More on vinum woes

Wed Sep 14 01:26:35 PDT 2005

Matthew Dillon wrote:
    I don't agree re: SCSI RAID.  It used to be true that SCSI was 
    superior not just in the reliability of the bus protocol but also
    in the actual hardware.  I remember back in the day when seagate 
    waxed poetic about all the work they did to make their SCSI drives
    more robust, and I gladly paid for SCSI drives.
Well, having worked for Seagate, maybe I'm just spouting their KoolAid 
here. :-)  But the production quality of the components which went into 
SCSI drives far exceeded those for the ATA line (which was extremely 
cost-sensitive compared to the SCSI line).

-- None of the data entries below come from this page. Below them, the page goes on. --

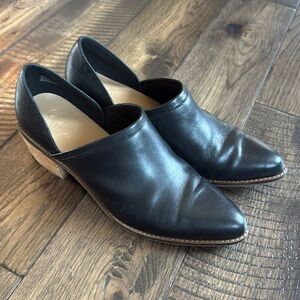 Crown Vintage Morrison Leather Cutout Black Booties‎ 8.5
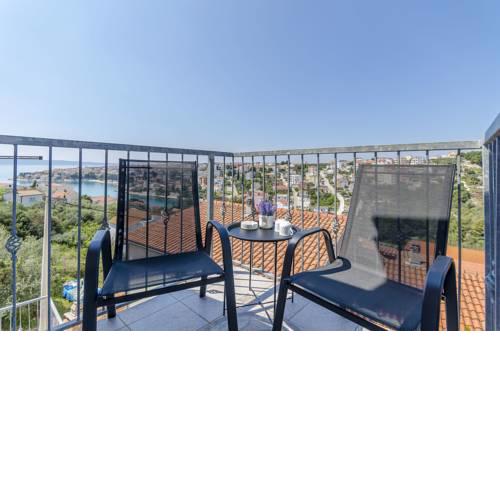 Apartments Mat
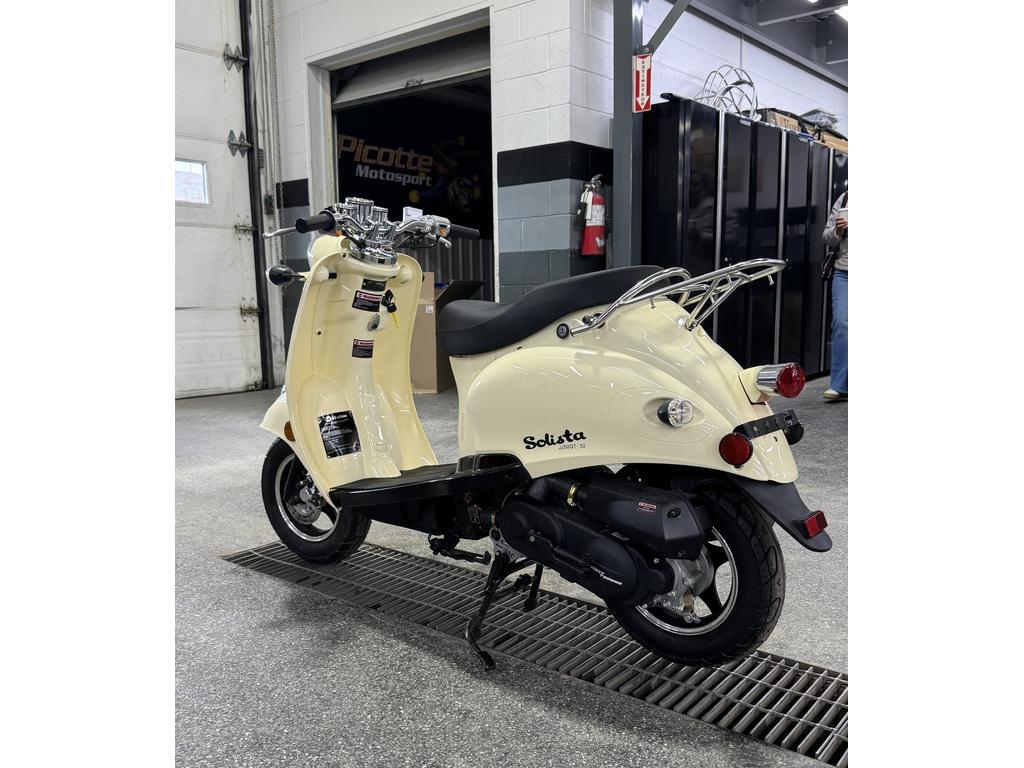 Scootterre SOLISTA 2022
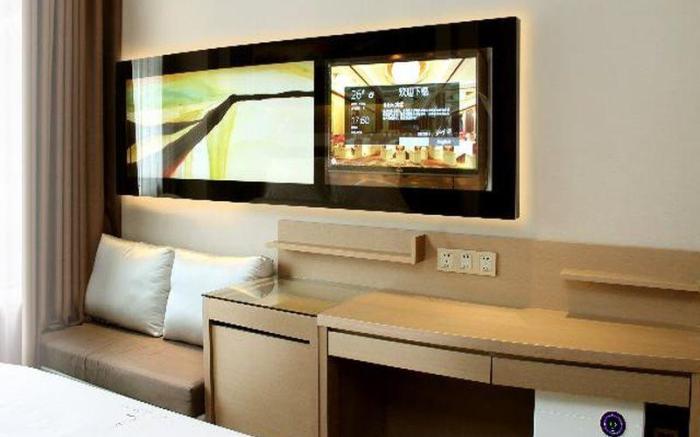 Lavande Hotel Wuhan Wujia Mountain Branch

I'm not saying *you* should consider SCSI... just that if you're running 
something which requires serious uptime (as in it's unacceptable to have 
more than a second of downtime per year), you're pretty much looking at 
SCSI.  Actually, you're pretty much looking at an EMC box or somesuch, 
which will use SCSI only.  And having an EMC apps engineer on call 24/7.

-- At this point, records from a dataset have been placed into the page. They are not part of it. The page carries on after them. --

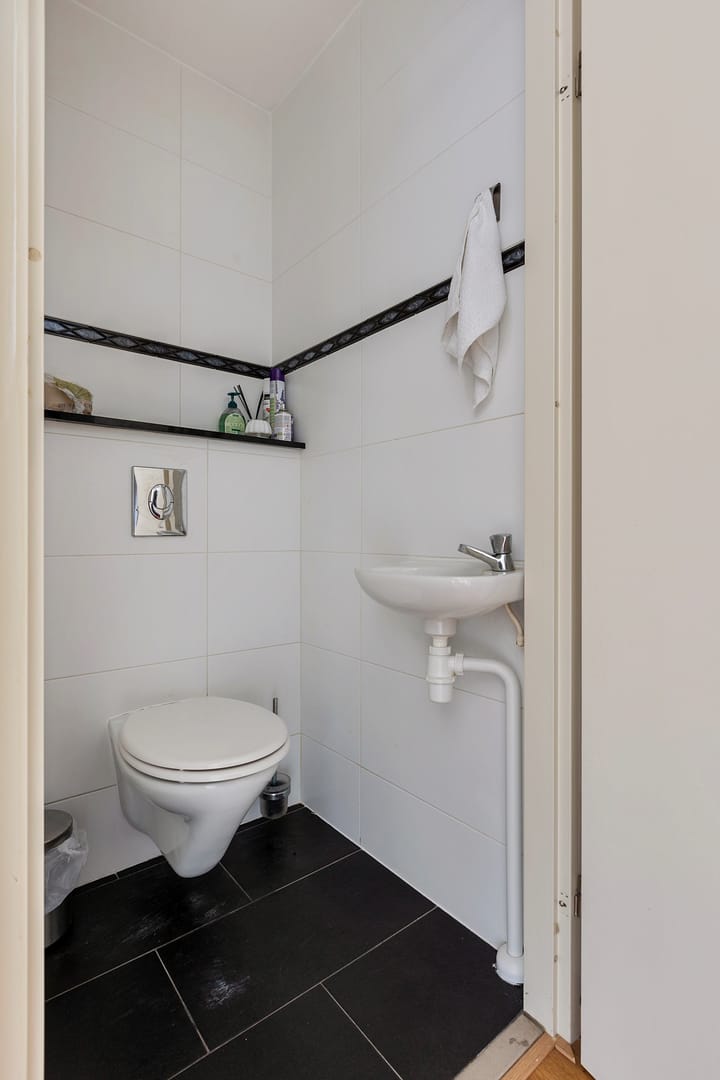 Foto 19 van Veestraat 64-A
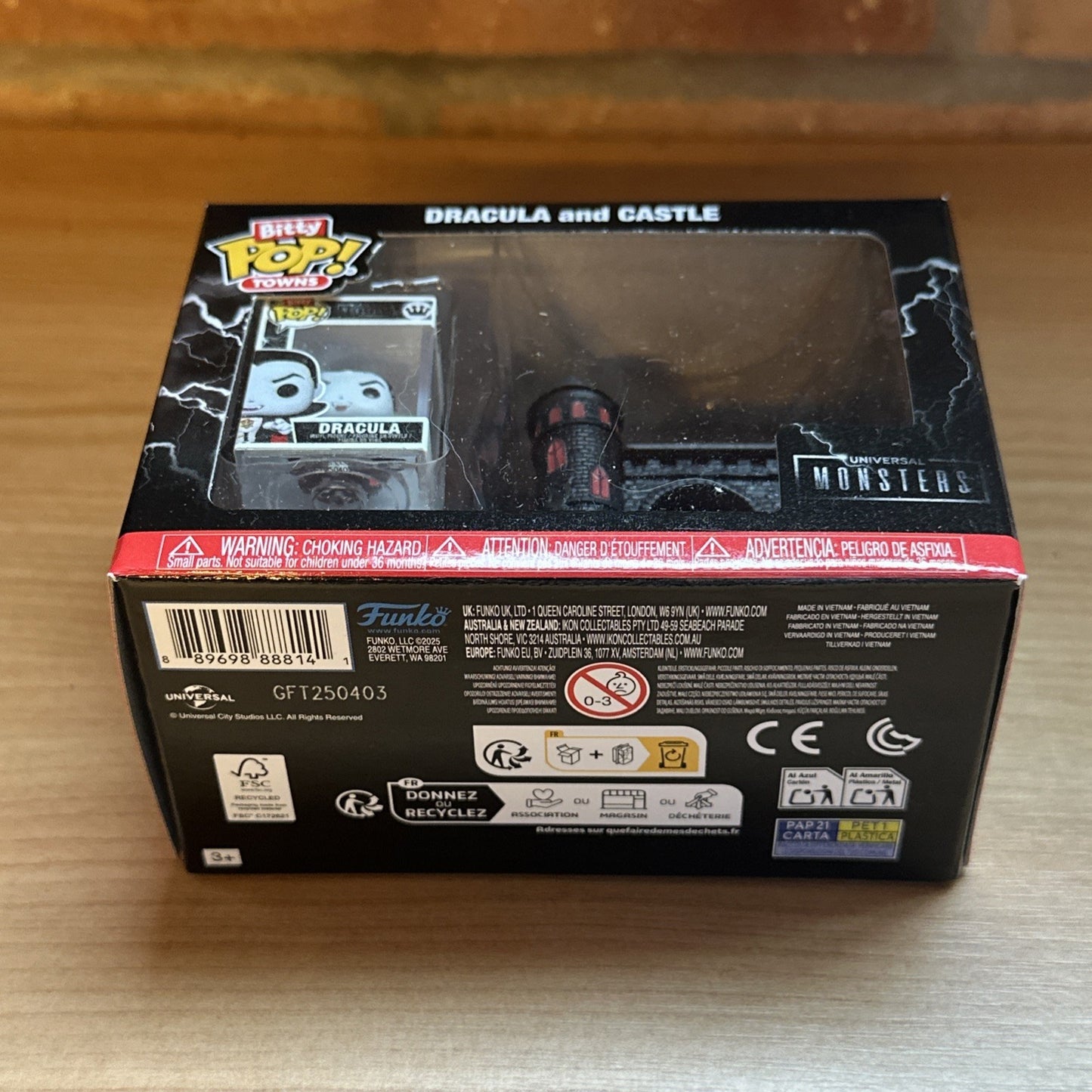 Funko Pop! Universal Monsters Dracula's Castle Dracula Bitty Pop! Town In Stock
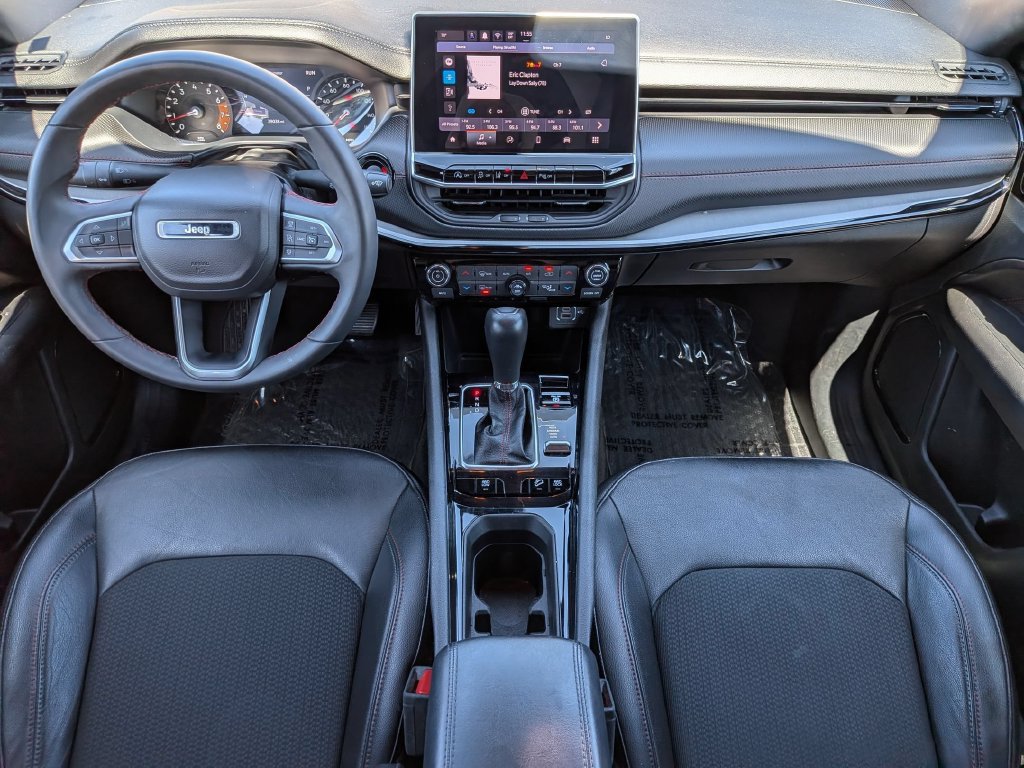 Used 2025 Jeep Compass Trailhawk AWD/4WD image 24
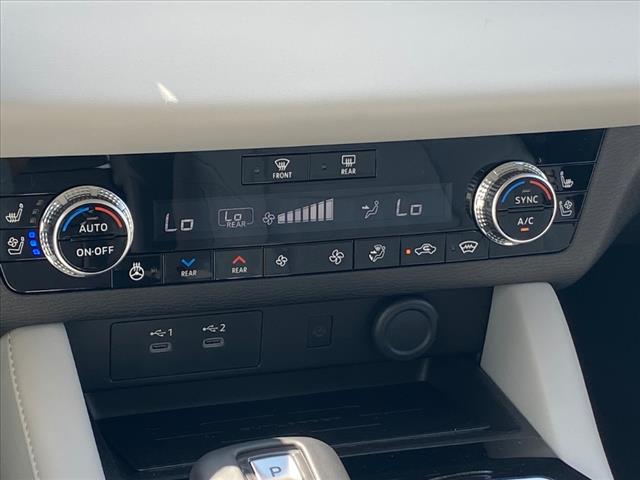 2025 Mitsubishi Outlander SEL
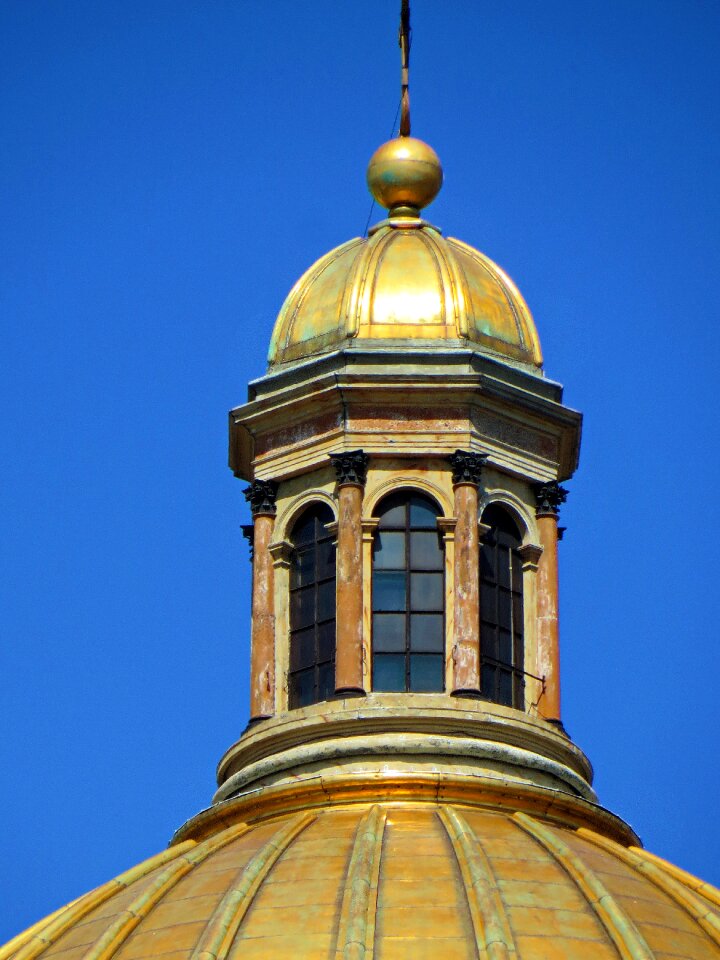 St isaac lantern doré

It's simple statistics: if you need 99.999% uptime, then your components 
have to be much better, and you're going to pay a pretty penny for even 
marginal improvements.  (On the flip side, most people who say they need 
99.999% uptime suddenly don't when they find out just how expensive it 
is. :-)

    SATA is clearly just as reliable a bus protocol.
Yes and no.  ATA's protocol is reliable (even though the signalling 
sucks)... it's more that the chipset vendors (mostly) play fast and 
loose with the rules.  (I've been extremely disappointed by the 
deteriorating quality of chipsets and flagrant lack of testing.)

I've already seen one SATA setup go completely unreliable thanks to a 
chipset which had a tendency to freeze the north bus when attached to an 
NCQ SATA drive.

    Also, modern drives have far
    fewer moving parts and far smaller (and fewer) heads,
Smaller isn't necessarily better.  Smaller sliders (the black thing you 
can actually see) *are* good, because when they hit the disk (and they 
will, even on a disk which appears to be operating at 100%) it means 
less mass, less momentum, less debris.  The head itself, though, is also 
smaller, which is bad -- it takes less to start eroding away the GMR stripe.

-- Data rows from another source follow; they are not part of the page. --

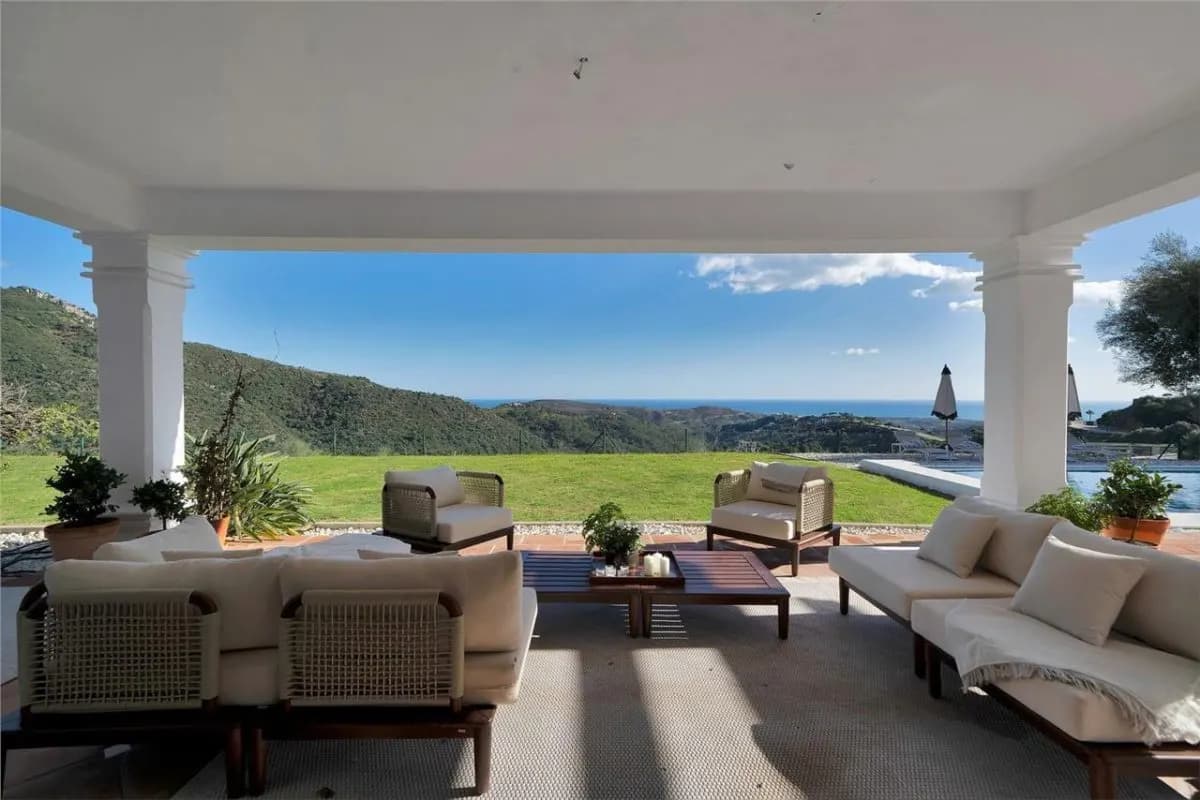 Villa Horizon 16 — San Pedro Beachside Private Estate, Benahavis view 3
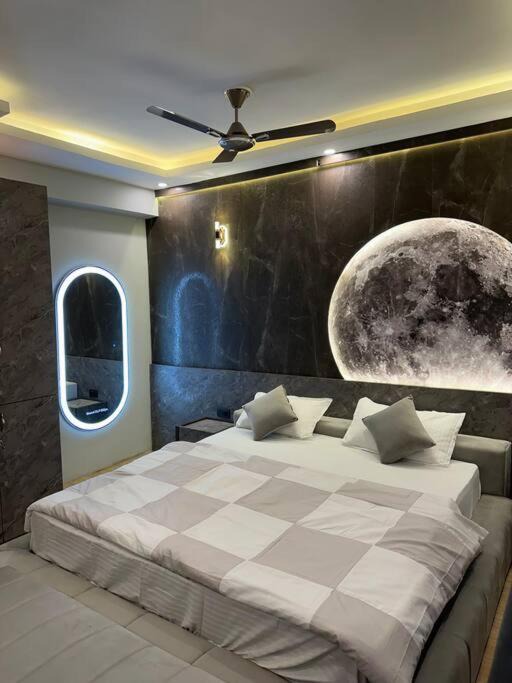 Gomti Nagar Apartment | Villa Vistosa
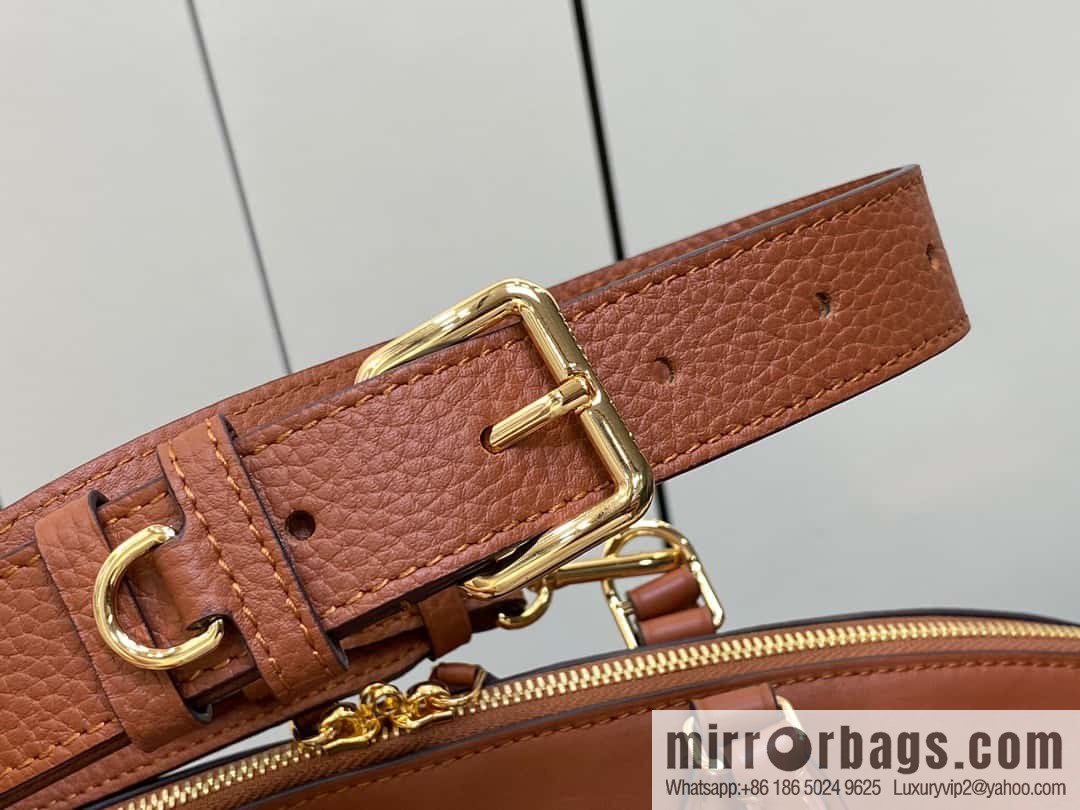 [Boutique‑grade] M22914 black full leather portable women's bag series Lock It MM handbag M22914 22925 22927 23061 Ays Lock It MM bag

I don't think there is that much of a difference in the number of moving 
parts -- in fact, IBM added more a few years back when they started 
doing load/unload of the head off the platters during power down.  (I 
think, but am not sure, that this has been pretty much replaced with 
laser texturing a zone on the platters so you can park the head there.)

>     and its hard
    to differentiate the robustness for commercial vs consumer models
    by using (e.g.) more robust materials because of that.
Keep in mind that some fancy, new robust materials end up not working 
out so well.  Generally, the newest technology goes to laptop drives 
first (where it's all about trying to squeeze as much as possible on 
those 2.5" platters), then to consumer desktops, then (once it's proven) 
to the enterprise lines.

    Software raid is a fine solution as long as your computer doesn't
    crash and as long as you have the extra cpu and bandwidth to spare.
    i.e. it can handle drive faults just fine, but it isn't so good handling
    operating system faults or power failures due to the lack of
    battery-backed cache, and it costs a lot of extra cpu to do something
    like RAID-5 in software.
Never had a crash with Vinum on FreeBSD 4.x; on Linux, it will rebuild 
the RAID array in the background after a crash.  (It's slow, but if you 
have the CPU to spare, you can probably afford to let it run overnight 
like me).

All the above in mind, when I finish configuring my new server, it'll 
use the exact setup you're describing: 3Ware SATA RAID.  (My old server 
got zapped due to a direct lightning hit to my old house days before we 
left... need to get into the new place before I get everything out of 
storage...)